You should also keep a watchful eye on a lady’s ashtray if she is
smoking. While compulsively emptying the tray after every butt is annoying,
she should not be forced to put out cigarette number three on top of cigarettes
number one and two.
Another way to charm
me is to remember what I am drinking even if I am NOT sitting at the bar.
My favorite bartender in Pittsburgh, Tim at Gooskis, is phenomenal at
this. The place can be packed full of Yinzers and indie rockers all demanding
his attention, and he will STILL come at me with a Sierra Nevada Pale
Ale (on microbrew night) before I have even said anything to him. And
it is not just me---he has a Corona ready with the lime before my friend
Dark and Stormy makes her way to order. That is bartender cool.
There is of course
a flip side to attentiveness, especially for a lady sitting alone at the
bar, and that is overbearing chattiness. A lady sitting alone at the bar
could be waiting for a friend, or enjoying her solitude with a nice martini,
or reading something very interesting. You will not score any points,
or tips, by acting as if she is a charity case. Use subtle clues to gauge
if the lady would like to have more than passing witty repartee with you,
and then abide by them.
2.
KNOWLEDGE This is one
of those qualities that varies from establishment to establishment. If
you are working the bar of a shot and beer joint, I will not expect you
to know how to make a Pink Squirrel. I WILL expect you to know what is
on special, and to recommend the specials to me. I will also expect you
to know how to mix basic shots that people enjoy (although I will never
ever order them) and some basic information about the beers you have on
tap and what might be interesting in your import/microbrew cooler.
If you work in one
of those hoity-toity places with the fancy glasses and a bar that changes
colors, I will expect you to have a thorough knowledge of everything that
appears on your cocktail menu, and a working knowledge of other classic
cocktails. I will also expect you to have a reputable bartender’s
manual at your disposal and to USE IT when you must. BT Kevin from The
Lava Lounge was great at this---he knew how to make most things, but he
was willing to consult the manual for things he did not know, rather than
guessing and screwing it up. A side note to this---you should also know
basic cocktail ingredients well enough to be able to suggest a substitute
when necessary. You should NOT just go ahead and substitute something
without asking the lady you are serving---if she has ordered a specific
cocktail you don’t know, she most likely knows what is supposed to
be in it and will not be charmed if you make it WRONG. In most cases,
she would rather choose something for which you have all the ingredients
than suffer through an inferior version of her favorite.

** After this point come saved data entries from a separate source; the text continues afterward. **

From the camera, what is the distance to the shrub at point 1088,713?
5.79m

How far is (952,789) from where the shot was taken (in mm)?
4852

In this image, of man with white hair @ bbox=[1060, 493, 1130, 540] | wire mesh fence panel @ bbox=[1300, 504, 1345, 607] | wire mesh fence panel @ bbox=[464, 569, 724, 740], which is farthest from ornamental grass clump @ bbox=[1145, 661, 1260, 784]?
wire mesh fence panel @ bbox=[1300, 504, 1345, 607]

You won’t
know unless you ask, and you won’t get a good tip if you assume incorrectly.
3.
PERSONALITY
This is a tricky one. In general, if you are working a busy bar, you will
most likely have been hired because you have a generally pleasant disposition
and the confidence of the management that you will treat your patrons
with grace and respect. However, there are certainly cases where personality
is not as important as knowledge or attentiveness---I am thinking here
of the bartender from the Suburban Room, who is crotchety as all get out.

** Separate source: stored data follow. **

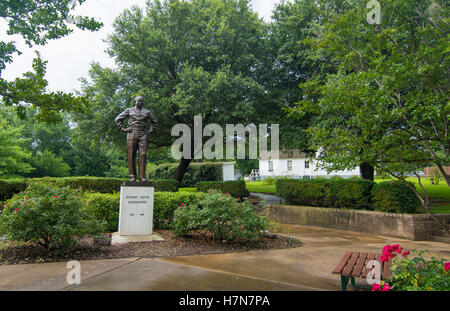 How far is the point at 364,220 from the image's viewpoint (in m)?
10.6

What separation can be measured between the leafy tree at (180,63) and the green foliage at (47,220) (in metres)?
9.46

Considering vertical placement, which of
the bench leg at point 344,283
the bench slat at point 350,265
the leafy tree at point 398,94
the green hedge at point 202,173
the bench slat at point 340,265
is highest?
the leafy tree at point 398,94

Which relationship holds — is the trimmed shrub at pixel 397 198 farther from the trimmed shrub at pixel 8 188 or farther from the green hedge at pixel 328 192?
the trimmed shrub at pixel 8 188

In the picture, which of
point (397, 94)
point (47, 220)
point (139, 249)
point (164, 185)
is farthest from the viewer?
point (164, 185)

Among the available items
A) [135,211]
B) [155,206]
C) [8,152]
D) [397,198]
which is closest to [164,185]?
[155,206]

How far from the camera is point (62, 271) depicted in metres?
5.12

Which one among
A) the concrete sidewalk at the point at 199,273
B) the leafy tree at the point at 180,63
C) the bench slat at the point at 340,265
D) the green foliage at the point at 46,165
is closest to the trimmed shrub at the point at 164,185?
the leafy tree at the point at 180,63

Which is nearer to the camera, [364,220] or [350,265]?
[350,265]

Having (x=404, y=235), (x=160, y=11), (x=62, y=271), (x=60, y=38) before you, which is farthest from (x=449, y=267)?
(x=160, y=11)

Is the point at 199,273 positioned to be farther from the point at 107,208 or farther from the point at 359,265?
the point at 107,208

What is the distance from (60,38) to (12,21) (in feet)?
6.05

He does, however, know how to mix a Pink Squirrel, and so I will on occasion
visit his bar and withstand his cantankerous disposition in order to get
a classic cocktail in the appropriate glass. Tim at Gooskis is a pretty
quiet and reserved fellow, but his amazing memory and ability to make
me feel special in a room full of demanding rock and rollers more than
makes up for his lack of chattiness. On the other hand, bartenders like
Don Bistarky from the Lava Lounge/Tiki Lounge was skilled with the attentiveness
and knowledge, in addition to having a winning personality that made me
want to sit at the bar and discuss the subtleties of pomegranate molasses
with him all night long.
I can think of no
instances where personality alone has carried me through an evening of
substandard attentiveness or knowledge though. So don’t rest on your
laurels just because you are a friendly guy (or gal).
4.
CLEANLINESS
This should really go without saying, but if you are sloppy with the drink
mixing, if you don’t pick up my empty glass before you set down my
full one (on a clean bar napkin) or if you allow sloshes and puddles of
beer or alcohol or even melty ice to sit on the bar in front of me, I
will be stingy with the tip. Shame on you.
5.
PREPARATION
I know that in many cases you as a bartender do not have control over
what is stocked in your bar. That is forgivable, to an extent. However,
it is your responsibility to have the proper garnish well stocked, and
plenty of napkins and matches in the napkin and match holders, and also
to know before you start mixing my drink if you are out of something.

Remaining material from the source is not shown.